Сегодня, после долгого перерыва, пойду в театр — в оперетту: «Цыганский Барон» И. Штрауса. Дрянь, наверно (говорю о постановке).
Начинает светать — значит, мне надо ложиться спать. Чирикают птички. И как им не надоело, ведь каждый день одно и то же! Добро бы замычали или завыли, а то всё: чирик-чик-чик. Вообще хочется перемены. Надо, надо в Москву. Скорее бы разрешились мои мобилизационные вопросы. А то так надоело ждать. Нельзя вечно ждать. Надо начать жить.
Целую крепко. Твой брат Мур.
27/VII-43 г
Алечка дорогая!
Сегодня, купив бумаги и улучив момент спокойствия, я вновь тебе пишу. Получила ли ты мое последнее письмо с приложением двух стихотворений Пастернака?
С тех пор ничего не изменилось. По-прежнему обещается броня на билет, по-прежнему жду денег, послав соответствующие телеграммы, по-прежнему пью в неимоверных количествах воду и читаю каждое утро бюллетень последних известий.
Впрочем, цепь небывалых происшествий, случающихся только со мной, продолжается. Помнишь, писал я тебе о том, будто бы встретил Павлика; встреча эта произошла при обстоятельствах столь необычайных, что я вполне законно подумал о Павлике, хотя это и не был он. Это — одно. Потом другая встреча, тоже необычайная — незнакомый человек остановил меня на улице, но, увидев, что я чрезвычайно спешу, назначил мне свидание; впоследствии оказалось, что он артист-гитарист и видел на мне когда-то какую-то необыкновенную рубашку, и хотел ее купить у меня для сцены; я, обозленный бесцеремонностью, осмеял его и ташкентские нравы и оставил его сконфуженного и бормочущего, что он-де живет своей профессией, этикета не знает и ищет обмундирования для сцены и т. д. и т. д. Позавчера у меня пропал один из дневников и книжечка моих стихов и прозы за 1941–1942 гг. Всё это не совсем обычно, не правда ли? Впрочем, последнее происшествие имеет мотивом чисто-женское любопытство, сдобренное отсутствием у меня замка и надеждой на наличие каких-то экзотических приключений и похождений в дневнике и любовной лирики в сборнике.
А Рая не уехала в Янги-Юль! Она прождала 2 часа машину… и осталась. Наши отношения возобновились. Тут тоже всё как-то необычайно. Ведь я ее встретил, познакомился с ней чисто случайно.

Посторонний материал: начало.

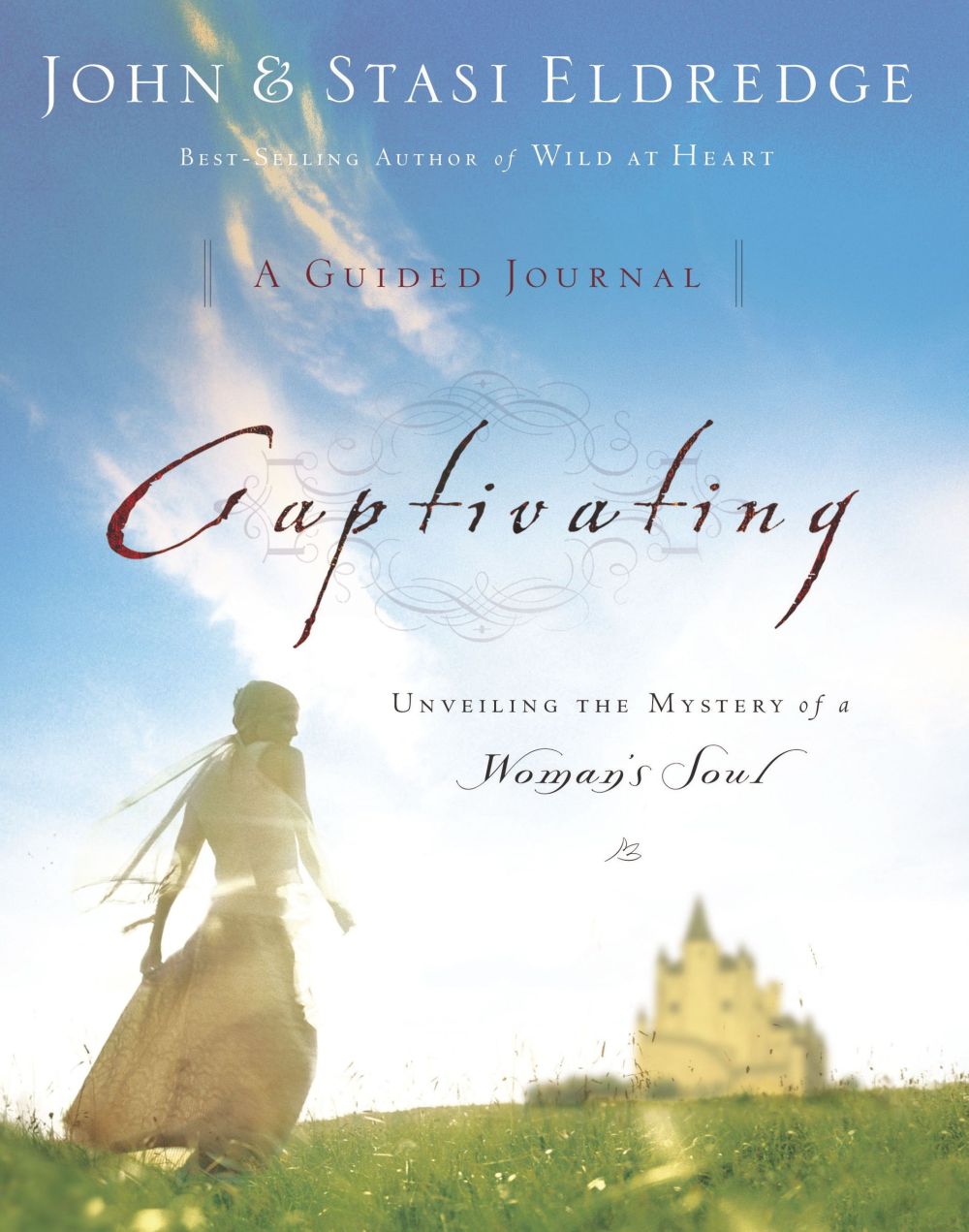 Captivating: A Guided Journal: Unveiling the Mystery of a Woman's Soul *Very Good*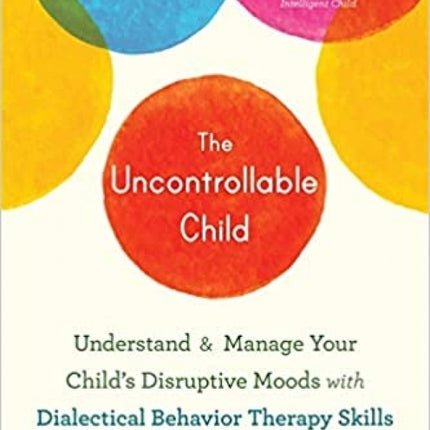 The Uncontrollable Child: Understand and Manage Your Child's Disruptive Moods with Dialectical Behavior Therapy Skills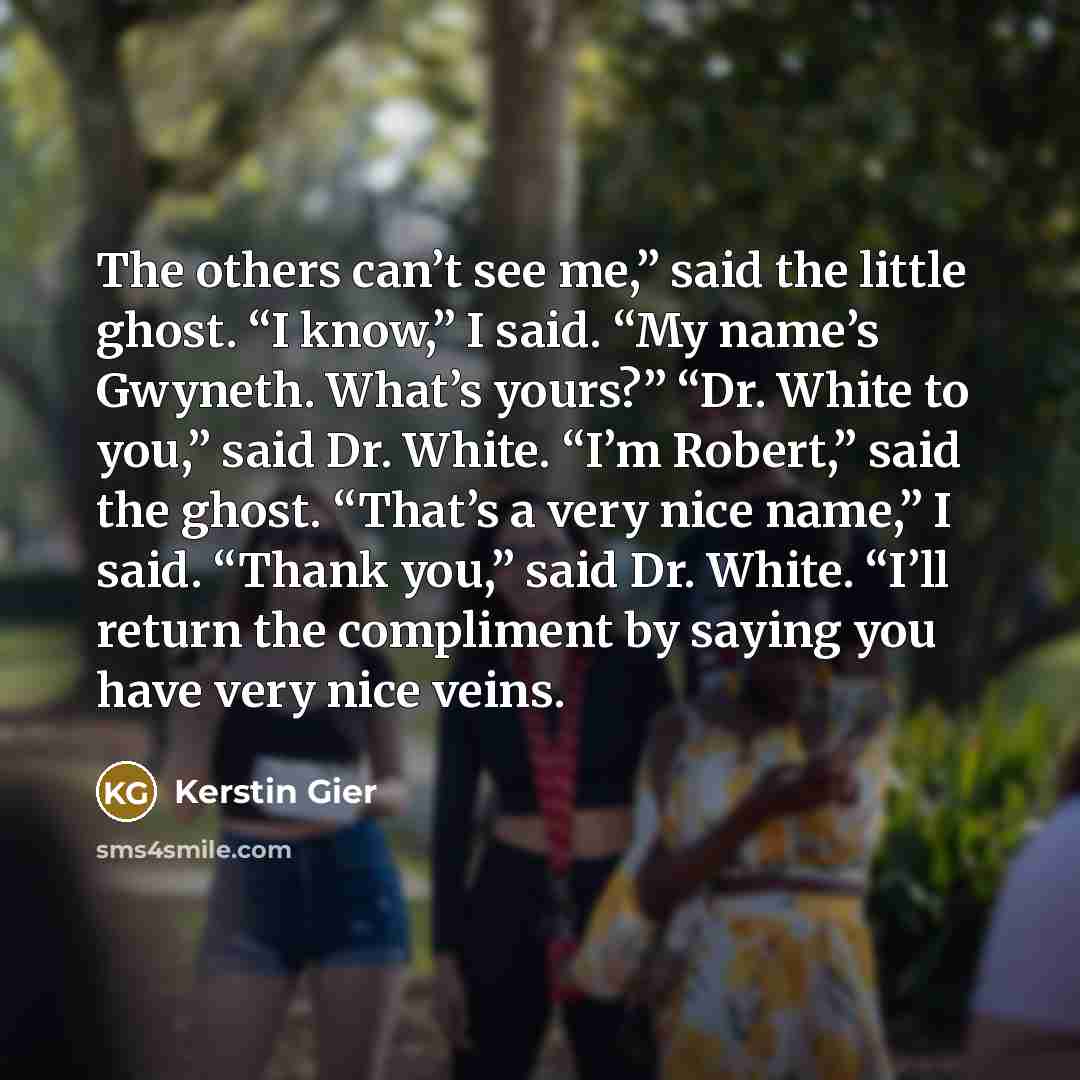 “The others can’t see me,” said the little ghost. “I…” quote by Kerstin Gier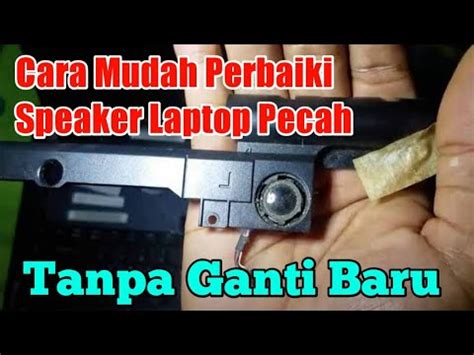 Cara Memperbaiki Speaker Laptop Pecah Speaker Laptop Kresek Youtube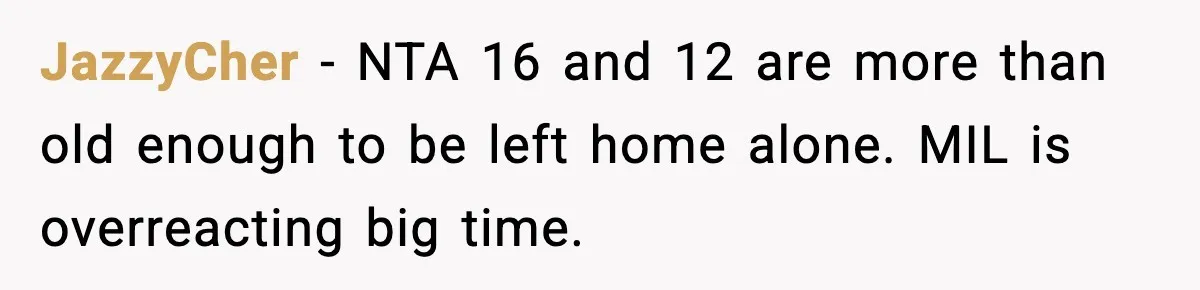 JazzyCher - NTA 16 and 12 are more than old enough to be left home alone. MIL is overreacting big time.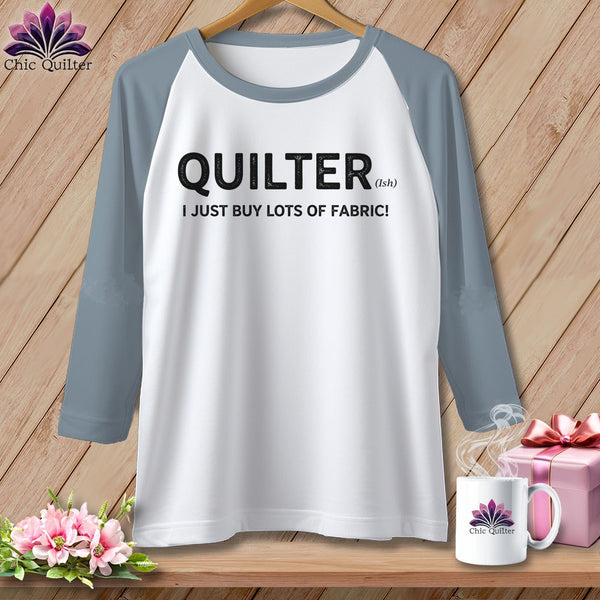 MyDesigns Physical Item XS / White/Denim Quilter(ish) ~ I Just Buy Lots of Fabric! ~ Raglan Tee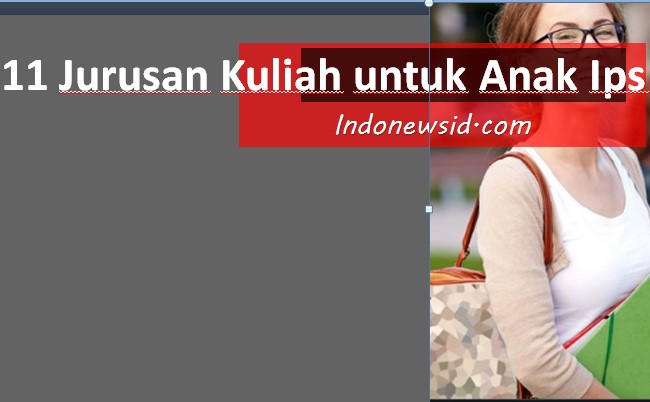 11 jurusan kuliah untuk anak ips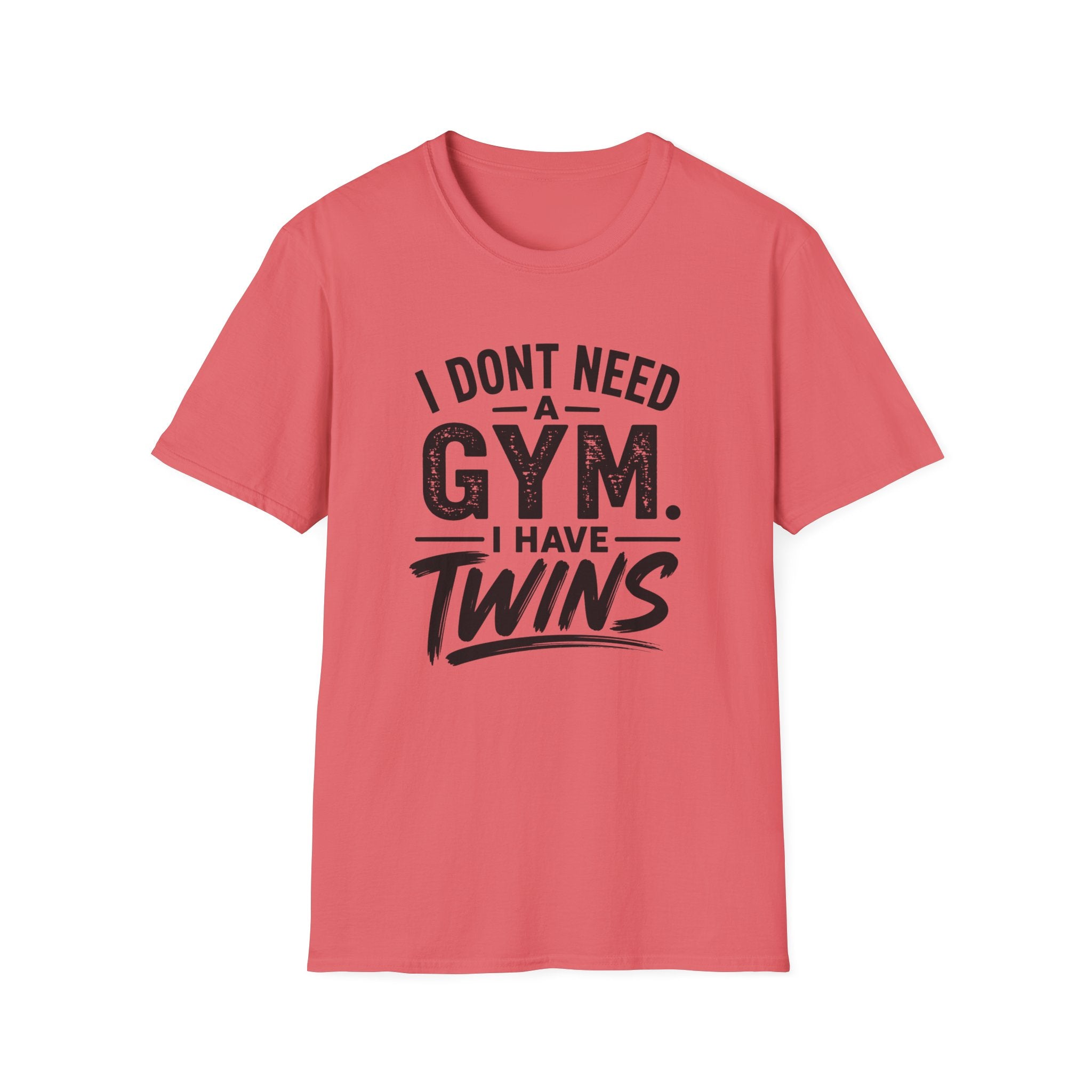 I Don't Need a Gym I Have Twins Funny Twin Parent T-Shirt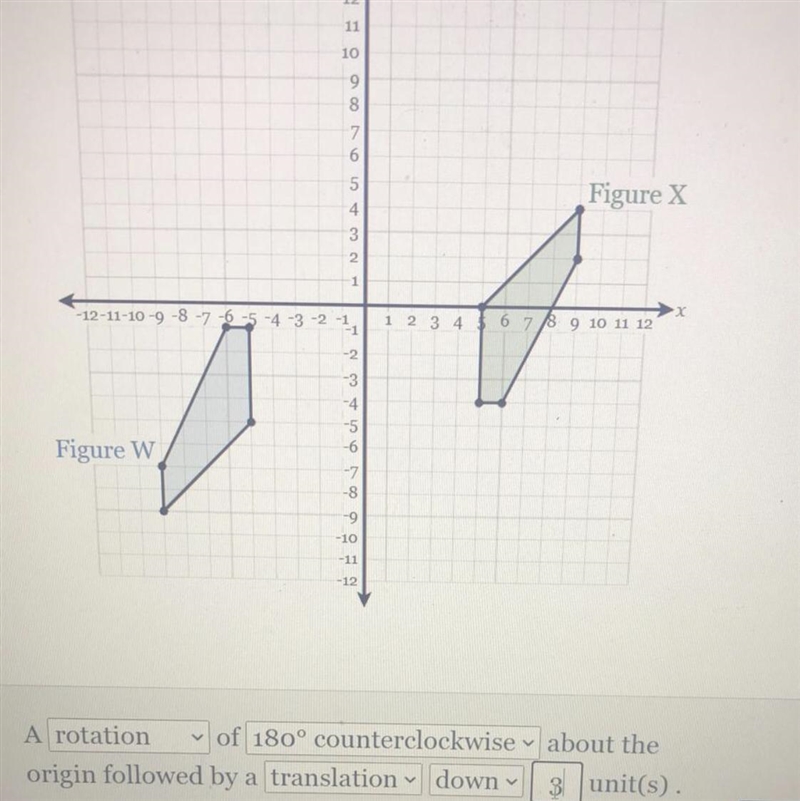 Transformations that would map figure w onto figure x. Is my answer right?-example-1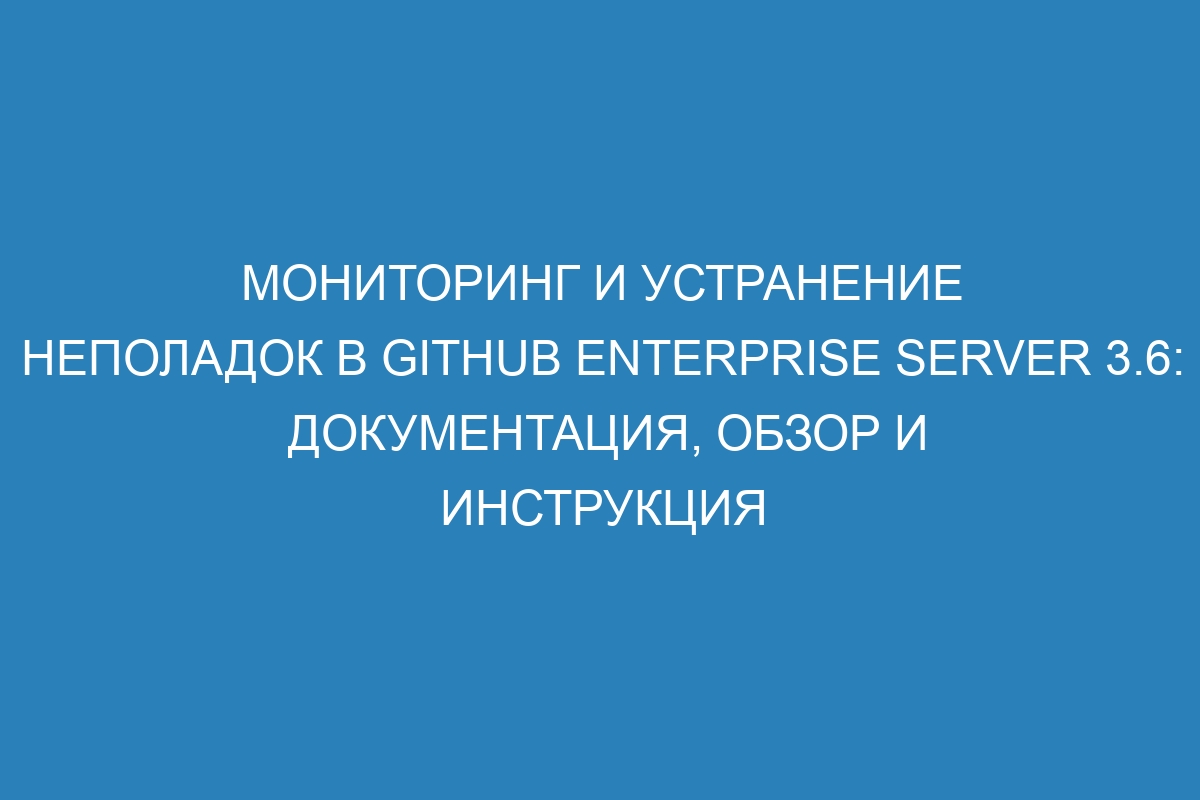 Мониторинг и устранение неполадок в GitHub Enterprise Server 3.6: документация, обзор и инструкция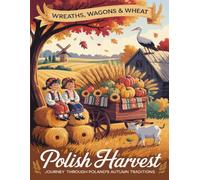 Wreaths, Wagons & Wheat Polish Harvest Journey Through Poland's Autumn Traditions: A peaceful coloring Book countryside, farm life, and folk celebrations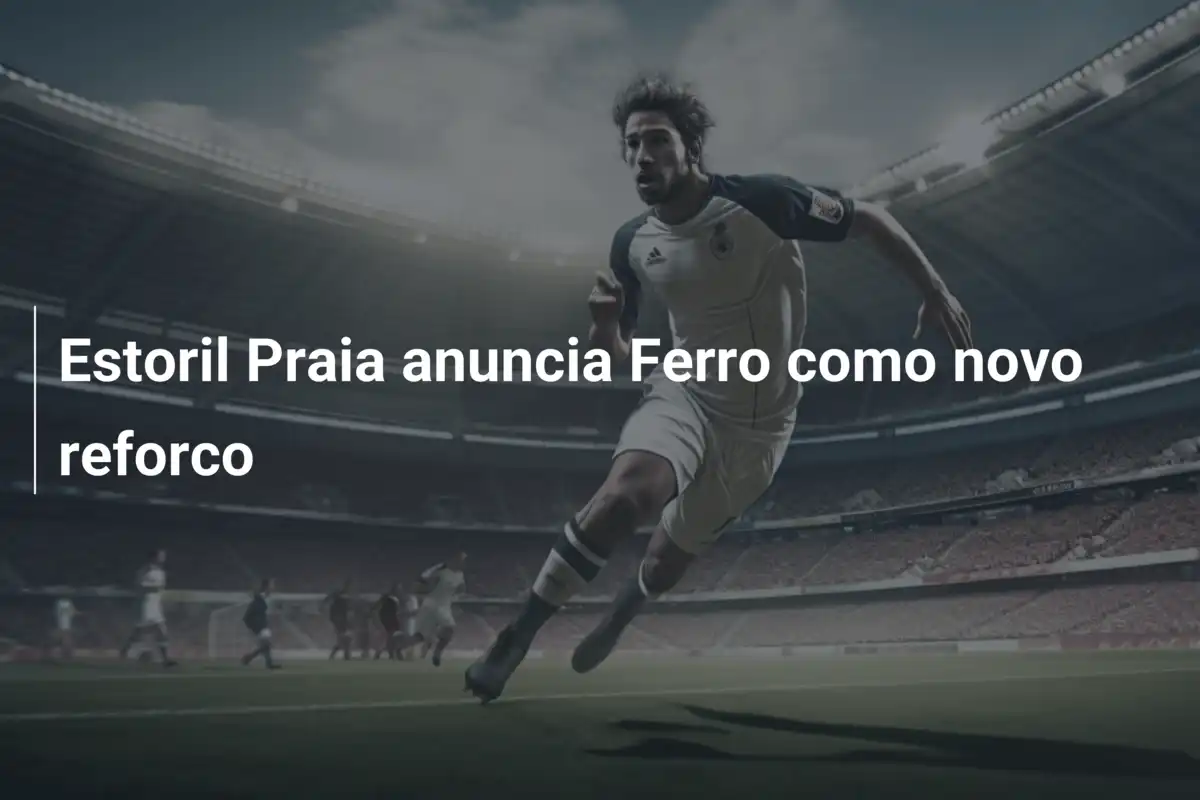 Estoril Praia anuncia Ferro como novo reforco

А тут оказывается:
Во-первых, что она знакома с Мулей!
Во-вторых, что единственная поэма (некоего молодого поэта Аграновича), которая в Москве произвела на меня впечатление и которую я всюду расхваливал — посвящена ей, и что «голубь» — это она!..
В-третьих, что мой любимый пианист Флиер — ее добрый друг! И он-то и изображается под именем Летаева в «Голубе».